(Dataset section Opens)
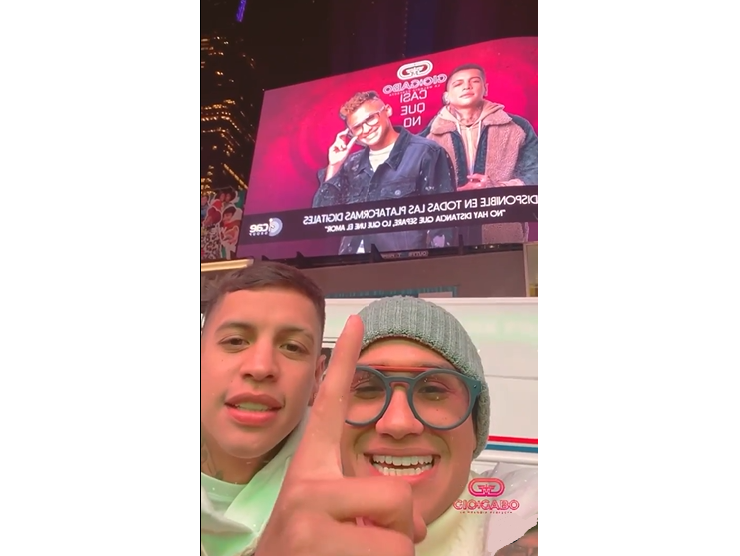 Gio y Gabo reciben reconocimiento de NY con un Billboard en Time Square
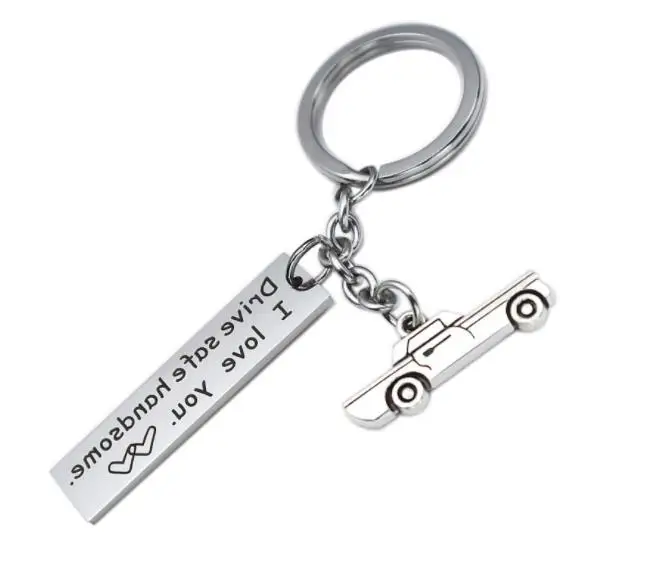 

Drive Safe Keychain Jewelry Wing Car Gift For Trucker Husband Boyfriend Girlfriend Romantic Gift Used to Hang Keys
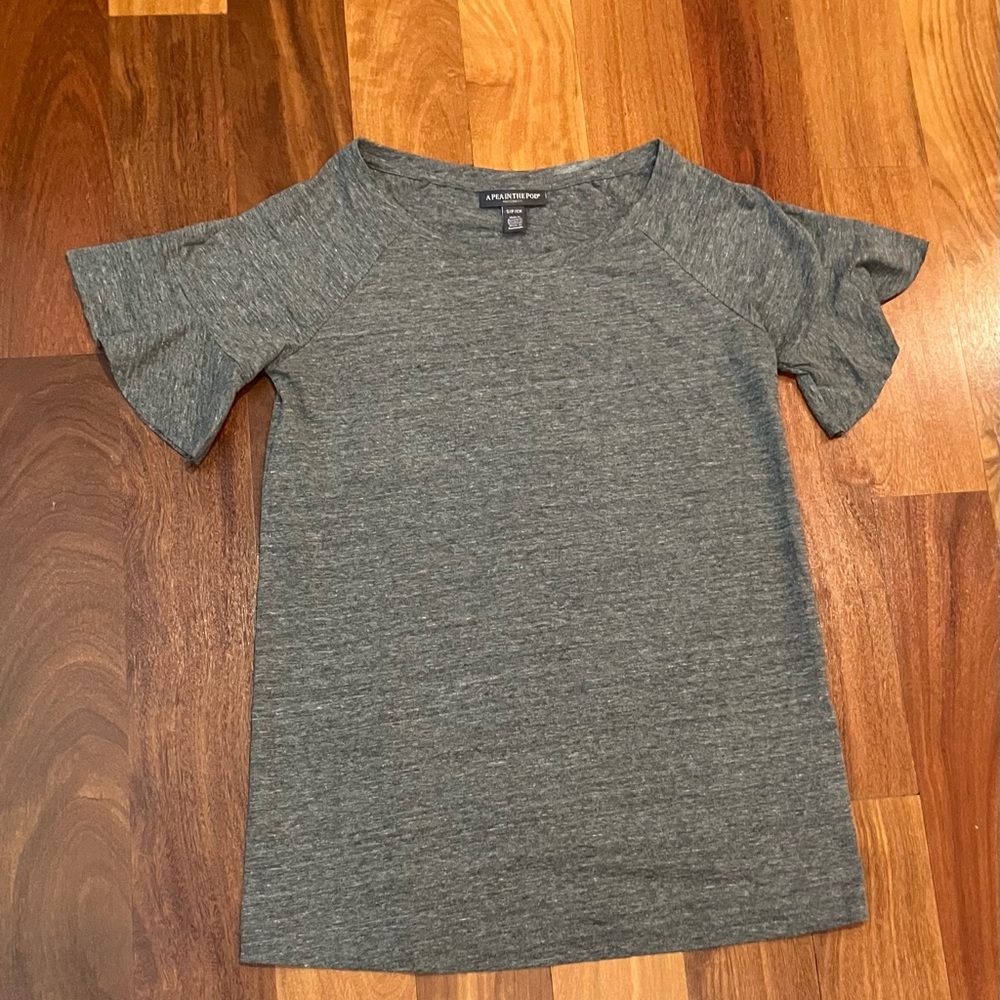A Pea in the Pod Gray Short Sleeve Maternity Top Size S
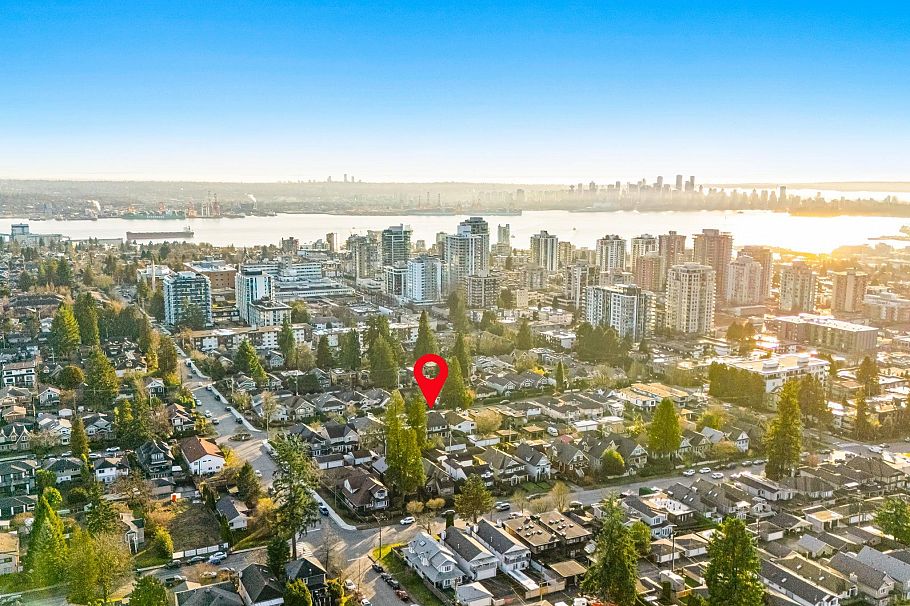 244 E 18th Street North Vancouver, BC - 32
(Dataset section Closes)
Please repeat the listing above word for word, with the pictures removed.

Result:
 Gio y Gabo reciben reconocimiento de NY con un Billboard en Time Square

Drive Safe Keychain Jewelry Wing Car Gift For Trucker Husband Boyfriend Girlfriend Romantic Gift Used to Hang Keys
A Pea in the Pod Gray Short Sleeve Maternity Top Size S
 244 E 18th Street North Vancouver, BC - 32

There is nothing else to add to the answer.